Overwhelming the user
The first two high fidelity iterations had to have improvements because there was just far too much data.
Graphs and data visualization
We had to rethink what type of charts we were using - what leant itself best to transaction periods?
Creating more pages
We needed to make pages for data analytics and error analysis - these provided more detailed information for internal purposes.
Development
Final Designs
An error failure and bot transactions page
The error page would categorize and log major errors, showing how frequently each occurs over the last seven days. It helps users prioritize the most common error types and implement focused resolutions.

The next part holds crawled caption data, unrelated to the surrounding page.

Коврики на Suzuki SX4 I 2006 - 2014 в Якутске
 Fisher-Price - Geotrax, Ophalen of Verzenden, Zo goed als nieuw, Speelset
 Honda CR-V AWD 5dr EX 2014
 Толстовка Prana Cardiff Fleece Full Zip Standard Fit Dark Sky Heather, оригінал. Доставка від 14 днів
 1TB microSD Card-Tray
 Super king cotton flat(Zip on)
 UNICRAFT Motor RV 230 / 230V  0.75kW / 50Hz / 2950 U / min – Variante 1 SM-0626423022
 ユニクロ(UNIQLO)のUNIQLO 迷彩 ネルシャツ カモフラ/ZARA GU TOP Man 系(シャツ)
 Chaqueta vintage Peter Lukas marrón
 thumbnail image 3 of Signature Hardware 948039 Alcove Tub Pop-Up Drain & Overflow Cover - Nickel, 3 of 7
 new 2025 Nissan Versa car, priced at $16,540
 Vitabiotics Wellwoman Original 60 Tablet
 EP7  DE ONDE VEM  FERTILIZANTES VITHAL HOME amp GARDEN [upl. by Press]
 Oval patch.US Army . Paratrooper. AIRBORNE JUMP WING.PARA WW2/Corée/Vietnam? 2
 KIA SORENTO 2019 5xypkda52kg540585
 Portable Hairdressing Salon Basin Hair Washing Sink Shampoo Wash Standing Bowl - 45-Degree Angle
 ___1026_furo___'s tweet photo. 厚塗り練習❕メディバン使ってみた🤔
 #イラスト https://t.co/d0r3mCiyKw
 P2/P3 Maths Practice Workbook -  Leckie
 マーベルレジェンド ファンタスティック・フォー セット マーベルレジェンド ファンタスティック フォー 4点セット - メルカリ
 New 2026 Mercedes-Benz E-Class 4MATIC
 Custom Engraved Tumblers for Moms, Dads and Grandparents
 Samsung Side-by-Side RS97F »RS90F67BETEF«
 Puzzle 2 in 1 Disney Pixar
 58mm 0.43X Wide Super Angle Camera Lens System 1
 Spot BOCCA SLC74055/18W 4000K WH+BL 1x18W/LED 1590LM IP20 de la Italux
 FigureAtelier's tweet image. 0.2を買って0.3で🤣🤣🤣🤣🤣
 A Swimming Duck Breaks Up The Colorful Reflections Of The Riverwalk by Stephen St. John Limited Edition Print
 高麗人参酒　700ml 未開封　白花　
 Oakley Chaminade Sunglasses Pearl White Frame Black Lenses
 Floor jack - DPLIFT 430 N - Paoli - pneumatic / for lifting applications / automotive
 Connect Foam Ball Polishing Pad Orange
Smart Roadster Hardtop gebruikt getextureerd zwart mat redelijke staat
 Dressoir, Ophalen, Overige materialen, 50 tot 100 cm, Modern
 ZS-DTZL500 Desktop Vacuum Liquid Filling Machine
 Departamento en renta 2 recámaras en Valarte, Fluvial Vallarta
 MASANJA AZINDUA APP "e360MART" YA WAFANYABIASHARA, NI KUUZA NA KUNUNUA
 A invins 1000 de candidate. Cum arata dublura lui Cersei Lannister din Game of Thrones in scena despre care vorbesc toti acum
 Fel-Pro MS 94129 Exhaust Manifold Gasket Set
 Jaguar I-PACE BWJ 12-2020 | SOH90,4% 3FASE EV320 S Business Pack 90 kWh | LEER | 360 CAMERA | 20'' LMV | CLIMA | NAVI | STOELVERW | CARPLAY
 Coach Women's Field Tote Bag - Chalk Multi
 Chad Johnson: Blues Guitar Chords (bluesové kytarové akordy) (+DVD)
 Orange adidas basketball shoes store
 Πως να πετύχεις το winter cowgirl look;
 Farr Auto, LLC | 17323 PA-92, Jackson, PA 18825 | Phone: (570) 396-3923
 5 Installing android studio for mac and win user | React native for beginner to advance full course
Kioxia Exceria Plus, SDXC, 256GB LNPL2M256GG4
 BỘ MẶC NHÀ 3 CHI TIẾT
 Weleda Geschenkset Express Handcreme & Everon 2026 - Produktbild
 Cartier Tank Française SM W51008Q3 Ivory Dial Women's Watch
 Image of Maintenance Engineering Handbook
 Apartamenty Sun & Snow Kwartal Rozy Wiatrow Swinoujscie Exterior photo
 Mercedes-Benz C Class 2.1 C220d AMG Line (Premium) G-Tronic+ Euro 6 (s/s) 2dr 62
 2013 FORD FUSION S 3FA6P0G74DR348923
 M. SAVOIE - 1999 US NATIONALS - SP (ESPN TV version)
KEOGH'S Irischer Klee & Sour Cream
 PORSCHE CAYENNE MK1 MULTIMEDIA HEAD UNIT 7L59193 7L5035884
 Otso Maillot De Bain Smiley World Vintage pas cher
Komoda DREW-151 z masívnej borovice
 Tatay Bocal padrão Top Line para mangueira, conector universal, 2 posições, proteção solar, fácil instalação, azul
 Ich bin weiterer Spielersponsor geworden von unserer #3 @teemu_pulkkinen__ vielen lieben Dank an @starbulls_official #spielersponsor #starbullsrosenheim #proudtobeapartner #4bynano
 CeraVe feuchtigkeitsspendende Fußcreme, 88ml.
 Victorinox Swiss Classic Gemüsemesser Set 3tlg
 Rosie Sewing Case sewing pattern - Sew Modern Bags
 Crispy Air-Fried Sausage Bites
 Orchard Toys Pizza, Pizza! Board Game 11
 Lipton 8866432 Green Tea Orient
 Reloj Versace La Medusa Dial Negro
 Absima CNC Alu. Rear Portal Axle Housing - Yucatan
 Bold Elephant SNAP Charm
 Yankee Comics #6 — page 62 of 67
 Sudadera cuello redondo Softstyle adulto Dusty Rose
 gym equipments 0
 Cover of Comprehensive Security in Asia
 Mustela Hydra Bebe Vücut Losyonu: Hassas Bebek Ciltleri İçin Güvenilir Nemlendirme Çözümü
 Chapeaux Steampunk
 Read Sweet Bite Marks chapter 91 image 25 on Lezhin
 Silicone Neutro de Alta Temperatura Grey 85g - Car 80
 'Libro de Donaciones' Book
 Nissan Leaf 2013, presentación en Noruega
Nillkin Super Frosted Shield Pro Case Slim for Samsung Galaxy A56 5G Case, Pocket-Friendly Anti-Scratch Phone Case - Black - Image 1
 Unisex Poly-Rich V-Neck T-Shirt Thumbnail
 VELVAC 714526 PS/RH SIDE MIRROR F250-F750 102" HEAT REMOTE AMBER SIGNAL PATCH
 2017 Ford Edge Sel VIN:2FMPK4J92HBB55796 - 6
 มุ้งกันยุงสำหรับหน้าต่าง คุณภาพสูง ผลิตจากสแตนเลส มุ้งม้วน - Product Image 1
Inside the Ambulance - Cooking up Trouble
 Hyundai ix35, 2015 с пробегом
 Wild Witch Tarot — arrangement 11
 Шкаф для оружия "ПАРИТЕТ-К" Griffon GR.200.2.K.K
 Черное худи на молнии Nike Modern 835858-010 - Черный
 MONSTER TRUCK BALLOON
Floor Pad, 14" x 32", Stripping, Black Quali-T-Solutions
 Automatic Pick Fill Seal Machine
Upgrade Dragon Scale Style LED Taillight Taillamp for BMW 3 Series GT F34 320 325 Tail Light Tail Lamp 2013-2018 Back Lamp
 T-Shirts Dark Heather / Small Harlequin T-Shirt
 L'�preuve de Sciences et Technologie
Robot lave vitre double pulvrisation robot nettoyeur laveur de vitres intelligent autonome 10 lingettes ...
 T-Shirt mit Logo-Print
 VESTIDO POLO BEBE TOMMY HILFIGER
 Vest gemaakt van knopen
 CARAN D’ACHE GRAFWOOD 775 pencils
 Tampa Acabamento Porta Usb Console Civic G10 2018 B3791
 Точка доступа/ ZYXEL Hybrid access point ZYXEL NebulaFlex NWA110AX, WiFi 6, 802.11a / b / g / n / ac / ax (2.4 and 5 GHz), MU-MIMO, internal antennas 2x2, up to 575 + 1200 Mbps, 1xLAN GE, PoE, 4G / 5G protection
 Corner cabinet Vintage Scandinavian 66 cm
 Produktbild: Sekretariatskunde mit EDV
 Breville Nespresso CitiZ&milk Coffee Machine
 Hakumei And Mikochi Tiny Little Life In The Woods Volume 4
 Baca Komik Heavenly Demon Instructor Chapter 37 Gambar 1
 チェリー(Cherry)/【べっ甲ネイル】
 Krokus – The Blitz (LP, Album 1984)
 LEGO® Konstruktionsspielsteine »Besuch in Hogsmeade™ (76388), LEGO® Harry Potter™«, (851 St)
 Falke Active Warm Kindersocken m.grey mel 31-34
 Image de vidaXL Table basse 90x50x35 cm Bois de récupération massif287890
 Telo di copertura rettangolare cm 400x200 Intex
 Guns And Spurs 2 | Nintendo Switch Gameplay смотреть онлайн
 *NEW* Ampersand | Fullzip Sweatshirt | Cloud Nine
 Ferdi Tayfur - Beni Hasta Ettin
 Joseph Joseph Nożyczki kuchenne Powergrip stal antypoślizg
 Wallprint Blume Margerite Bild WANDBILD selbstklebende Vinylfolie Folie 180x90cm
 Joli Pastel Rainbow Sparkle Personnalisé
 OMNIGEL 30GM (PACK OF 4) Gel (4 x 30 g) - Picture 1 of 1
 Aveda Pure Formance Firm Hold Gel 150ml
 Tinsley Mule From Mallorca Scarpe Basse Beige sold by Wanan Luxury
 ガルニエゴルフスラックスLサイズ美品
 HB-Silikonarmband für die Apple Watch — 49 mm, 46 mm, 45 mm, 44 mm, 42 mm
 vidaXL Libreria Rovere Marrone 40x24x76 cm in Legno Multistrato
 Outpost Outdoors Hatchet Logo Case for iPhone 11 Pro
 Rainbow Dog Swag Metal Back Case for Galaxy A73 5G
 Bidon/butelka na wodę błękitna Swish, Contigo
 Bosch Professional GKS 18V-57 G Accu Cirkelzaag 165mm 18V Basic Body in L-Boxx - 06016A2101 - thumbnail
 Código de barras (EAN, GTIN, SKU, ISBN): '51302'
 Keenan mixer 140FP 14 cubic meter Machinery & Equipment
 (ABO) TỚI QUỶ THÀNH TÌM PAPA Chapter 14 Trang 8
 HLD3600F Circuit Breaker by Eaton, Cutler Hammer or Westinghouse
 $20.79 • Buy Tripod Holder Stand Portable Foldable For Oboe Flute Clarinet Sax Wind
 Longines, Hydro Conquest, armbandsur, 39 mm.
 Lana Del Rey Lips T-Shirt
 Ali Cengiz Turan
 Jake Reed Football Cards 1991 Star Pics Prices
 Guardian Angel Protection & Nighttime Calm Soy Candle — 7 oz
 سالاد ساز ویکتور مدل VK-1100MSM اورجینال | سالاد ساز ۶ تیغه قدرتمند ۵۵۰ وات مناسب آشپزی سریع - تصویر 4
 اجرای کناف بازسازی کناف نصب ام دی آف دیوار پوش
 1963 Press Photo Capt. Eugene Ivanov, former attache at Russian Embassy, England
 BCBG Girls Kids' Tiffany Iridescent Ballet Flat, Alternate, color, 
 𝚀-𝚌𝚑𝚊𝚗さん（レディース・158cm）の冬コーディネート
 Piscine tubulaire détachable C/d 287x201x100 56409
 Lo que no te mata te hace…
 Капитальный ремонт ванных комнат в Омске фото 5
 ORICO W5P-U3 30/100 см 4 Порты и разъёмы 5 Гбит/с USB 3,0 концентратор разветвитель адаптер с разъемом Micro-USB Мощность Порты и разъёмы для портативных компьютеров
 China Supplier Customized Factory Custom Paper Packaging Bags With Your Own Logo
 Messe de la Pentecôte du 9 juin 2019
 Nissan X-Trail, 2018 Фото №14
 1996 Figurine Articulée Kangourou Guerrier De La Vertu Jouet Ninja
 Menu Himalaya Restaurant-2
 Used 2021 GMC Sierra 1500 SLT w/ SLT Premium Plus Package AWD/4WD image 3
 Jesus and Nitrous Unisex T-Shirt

The bot transactions page highlights metrics for individual bots, illustrating trends in success, errors, and exceptions at a more granular level. Additionally, it flags significant performance drops, allowing teams to quickly isolate and address potential issues.
Simplification
Although these two pages were useful, we never developed them ourselves. Most of the development of the dashboard was done by me, and I lacked the time to build these last two out. The team is currently working on them now.
Conclusion
Takeaways
Stakeholder Outcomes
Executives at Apollo Studios achieved their goal of being able to access data insights into an otherwise incomprehensible MongoDB database.
RPA engineers were able to understand the reasons why their bots were failing and which bots were underperforming.
Clients were able to quickly access realtime updates about their RPAs at Apollo Studios and their performance.
Collaboration
I worked alongside another intern from UC Berkeley who specialized in the backend data science of the project, and we formed a great team in helping each other build the dashboard.
I realized it is important to understand the process of building a product end-to-end so that it can be as cohesive as possible. This gave me renewed appreciation for CS knowledge.